As one preparing to be a mom and as a friend and family member to many new moms, I’m currently standing right in the wind channel of parenting advice. Everyone I meet is eager to tell me just what being a mom entails, and I’ve come to the realization that no matter how much I read, ask, or prepare, I will never know what it’s like to be a new mom until I’m actually there.
Through my own limited yet growing experience and in talking with many, many new moms, I’ve weeded down what I believe are the four most important things any new mom needs to hear. So, if you’re close to a new mom, listen up: although us new moms and moms-to-be are inexperienced and have much to learn, here are the four things we really need you to say.
“Motherhood Is Amazing”
We all know motherhood is hard, and no one knows it better than a brand-new mom experiencing it for the first time. Since she’s already wading through exhaustion, worry, pain, etc. 24/7, the last thing she needs is others dwelling on the negative or telling her, “Just wait until he’s a teenager.”

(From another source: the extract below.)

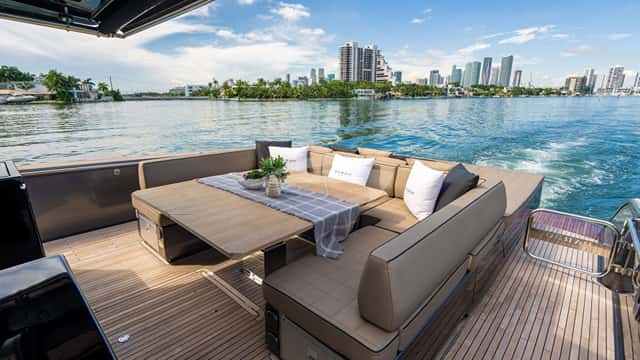 FULL POP yacht charter photo 2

Of course, if she wants to talk about the hard stuff, lend a listening ear, but remember that what a new mom needs to hear is enthusiasm, encouragement, and awe over this wonderful adventure she’s embarked on. Gush with her about all the beauties of motherhood and about the sacredness and importance of her calling.
In April 1999, President Nelson quoted a First Presidency message saying, “Motherhood is near to divinity. It is the highest, holiest service to be assumed by mankind. It places her who honors its holy calling and service next to the angels.”

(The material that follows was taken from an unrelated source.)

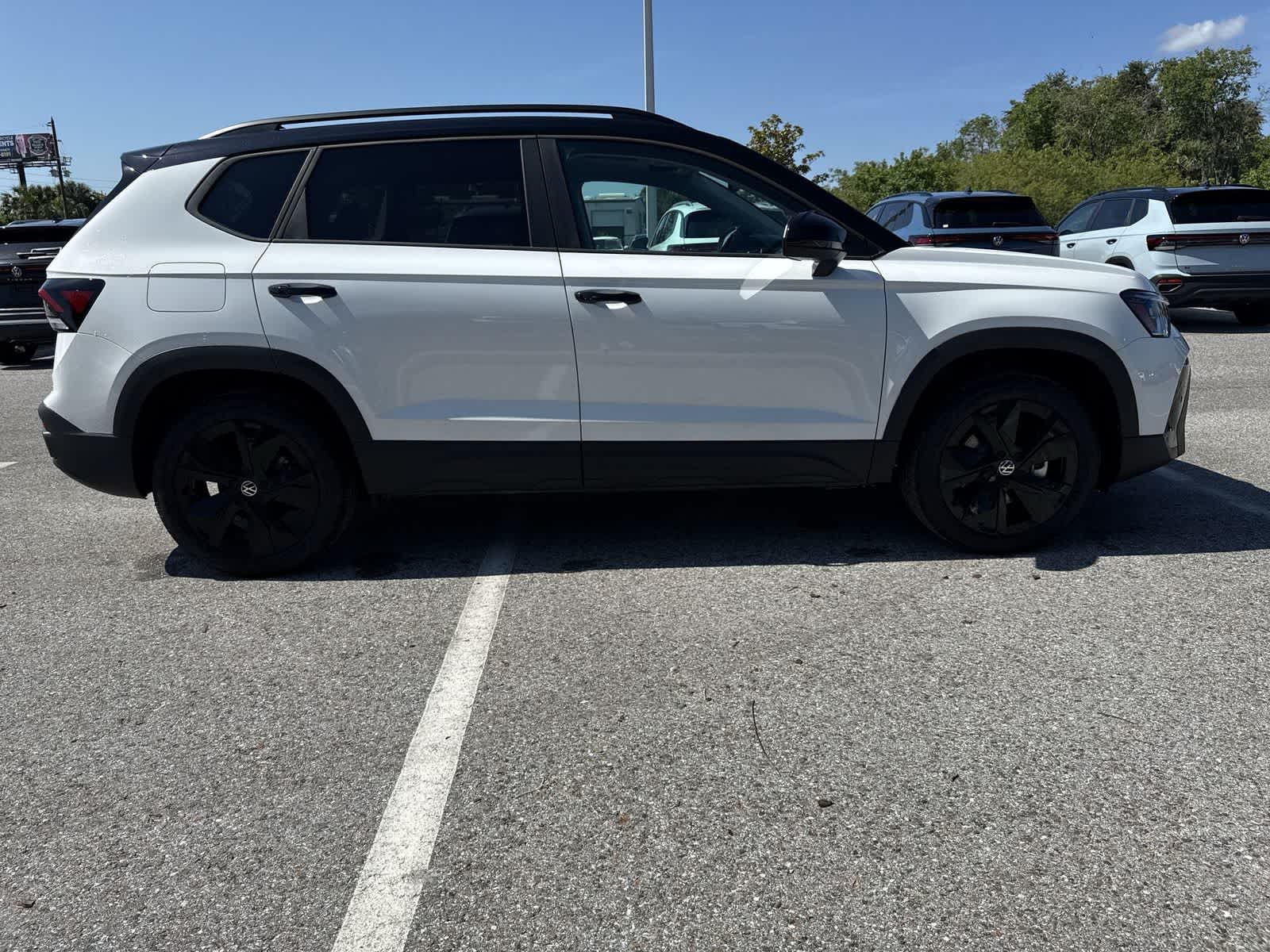2026 Volkswagen Taos 1.5T SE Black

When you see a new mother, make sure to remind her of this glorious truth. She is an angel, chosen by God to take care of one of His precious spirits sent fresh from heaven. Remind her that God knows her, imperfections and all, and that despite her limitations, she is the mother her children need.
My sister-in-law, who just gave birth to her first child a few weeks ago, said, “When I think about how incredible it is that such a big spirit was placed in this little tiny body and that I get to be the one to take care of her and teach her about the world, I feel overwhelmed with gratitude from the Spirit.”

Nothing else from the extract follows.